Domain-wall branes in Lifshitz theories

TL;DR

This paper investigates Lifshitz field theories in 4+1 dimensions for their potential to create ultraviolet-complete domain-wall brane models, analyzing scalar and fermion fields and the conditions for localizing chiral fermions.

Contribution

It demonstrates that Lifshitz scalar theories can have stable domain walls and explores the conditions under which fermions can be localized on these walls, highlighting the necessity of symmetry breaking.

Findings

Lifshitz scalar fields admit topologically stable domain walls.

Isotropic Lifshitz fermions do not produce localized zero modes.
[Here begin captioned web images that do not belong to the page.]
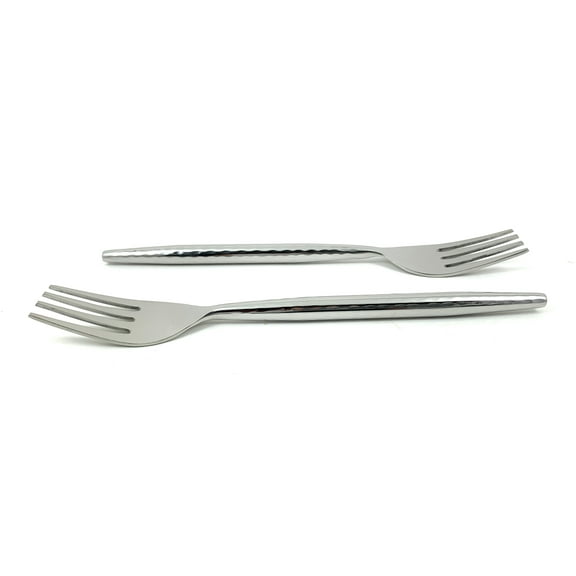 Vibhsa Salad Appetizer Forks Set of 6 Pieces
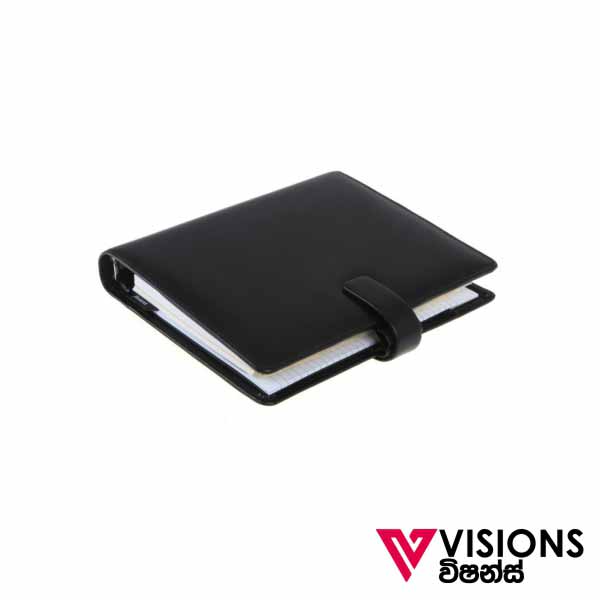 Leather Notebook Printing in Colombo, Sri Lanka ‣ Visions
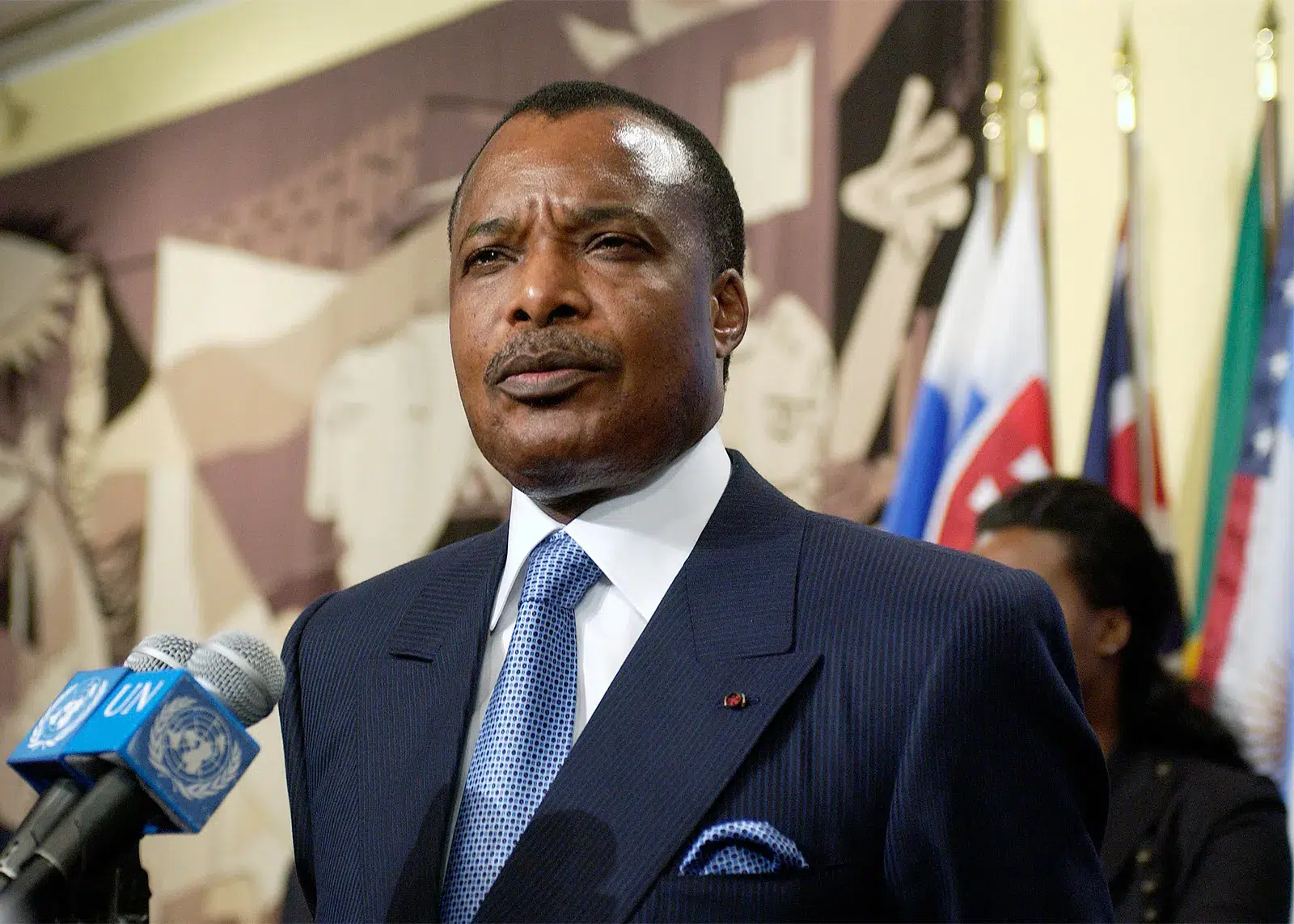 Présidentielle au Congo : 07 candidats validés, la gouvernance au cœur des débats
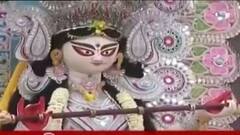 বাগদেবীর আরধনায় মাতলেন তারকারা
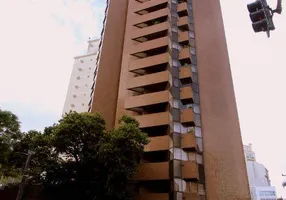 Foto 1 de Apartamento com 4 Quartos para alugar, 250m² em Juvevê, Curitiba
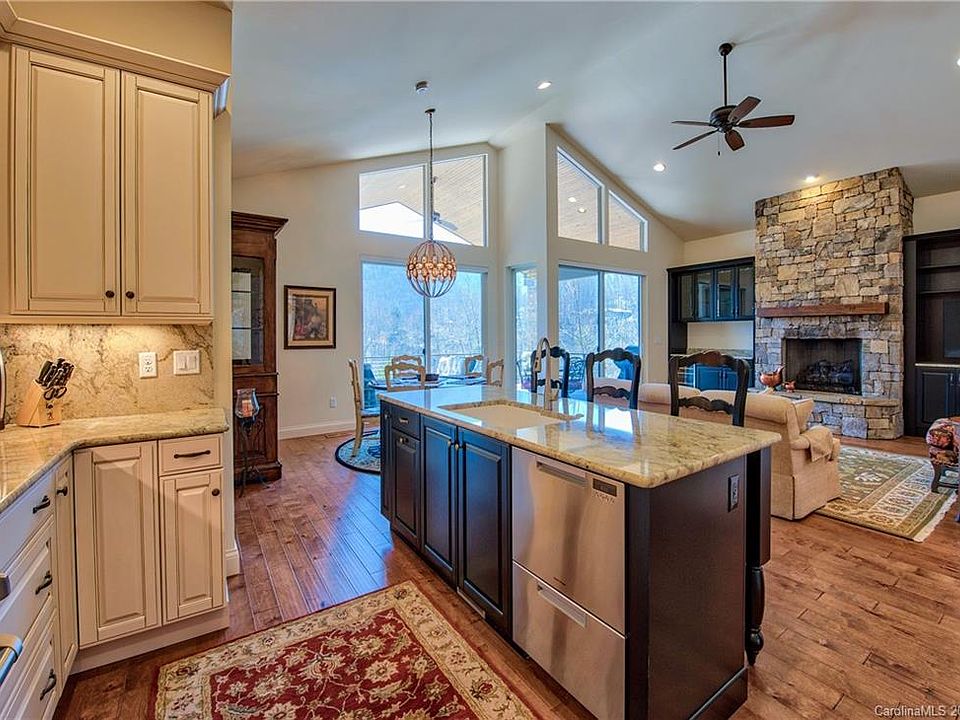 99 Plateau Dr, Maggie Valley, NC 28751 Zillow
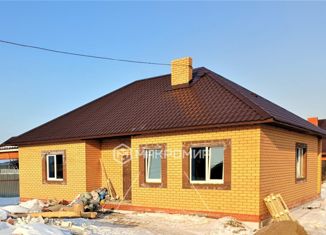 Продам дом, 114 м2, село Култаево, Заречная улица, 48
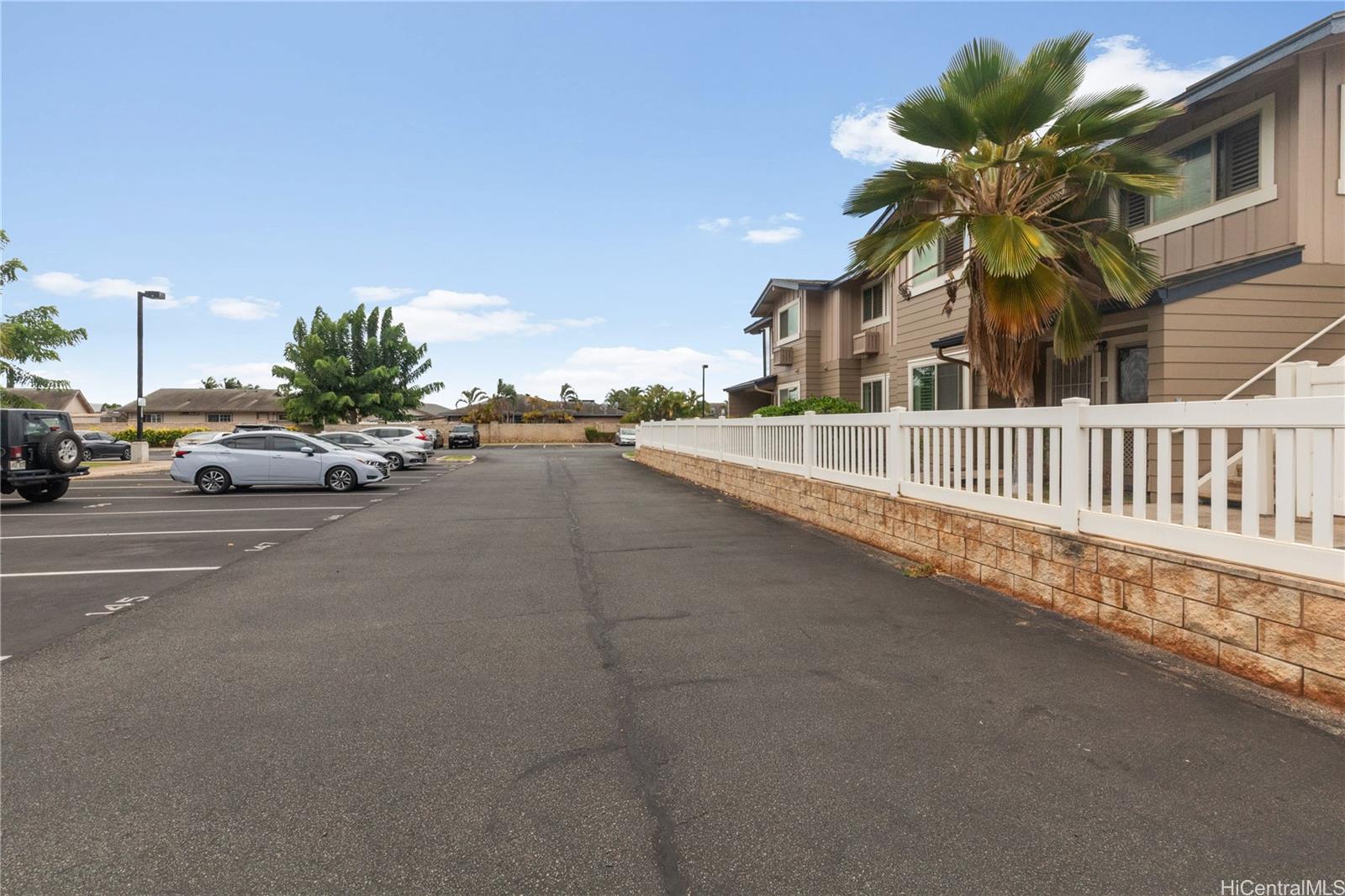 Villages of Kapolei townhouse # 1803, Kapolei, Hawaii - photo 20 of 20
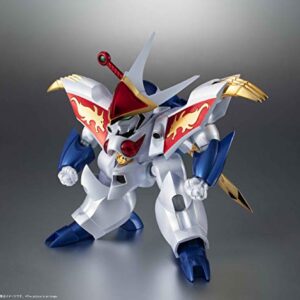 TAMASHII NATIONS - Mashin Hero Wataru - New Ryujinmaru 30th Special Anniversary Edition,Bandai Robot Spirits Collectible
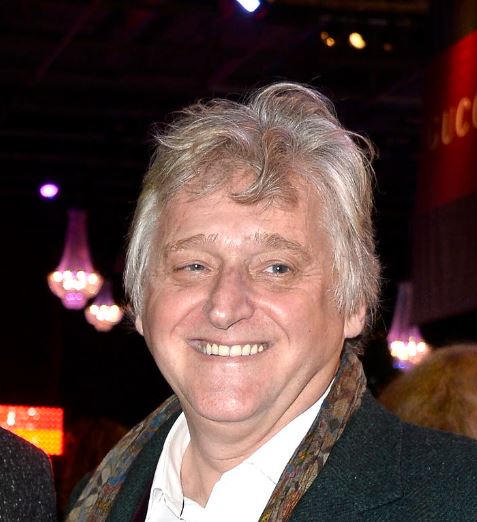 Gilbert Rozon Net Worth | Celebrity Net Worth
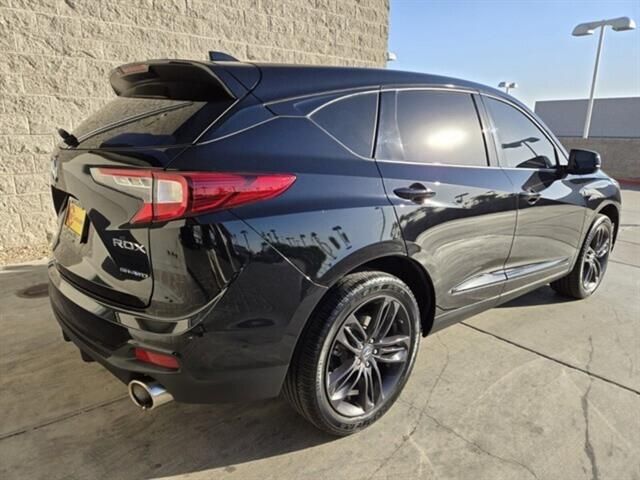 2021 Acura RDX A-Spec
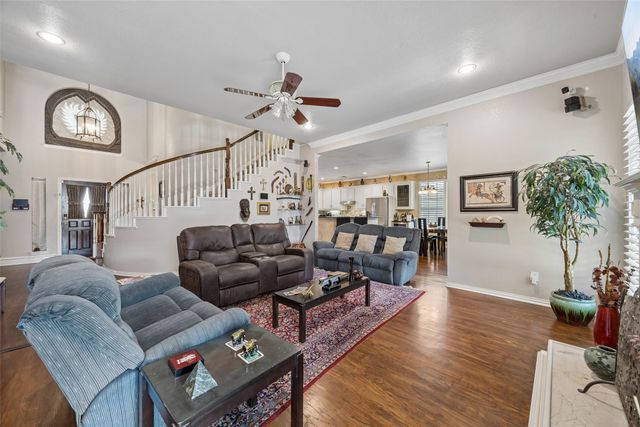 3613 Whitehaven Drive, Plano, TX 75093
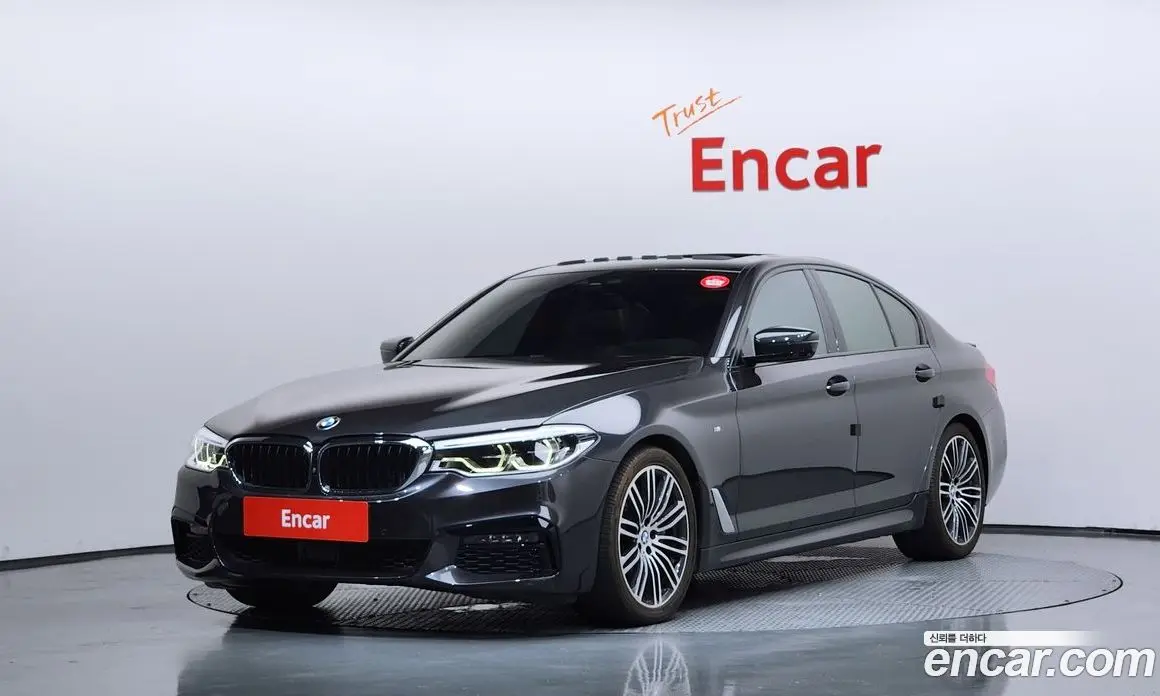 BMW 5 серия 2019 2.0 автомат (гидро), фото 1 BMW 5 серия 2019 2.0 автомат (гидро), фото 1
Breaking rotational symmetry enables chiral fermion localization.

Abstract

We analyze whether or not Lifshitz field theories in 4 + 1 dimensions may provide ultraviolet-complete domain-wall brane models. We first show that Lifshitz scalar field theory can admit topologically stable domain wall solutions. A Lifshitz fermion field is then added to the toy model, and we demonstrate that 3+1- dimensional Kaluza-Klein zero mode solutions do not exist when the four spatial dimensions are treated isotropically. To recover 3 + 1-dimensional chiral fermions dynamically localized to the domain wall, we must postulate the breaking of full 4-dimensional rotational symmetry down to the subgroup of rotations which mix the usual 3-dimensional spatial directions and fix the extra-dimensional axis in addition to the anisotropy between space and time.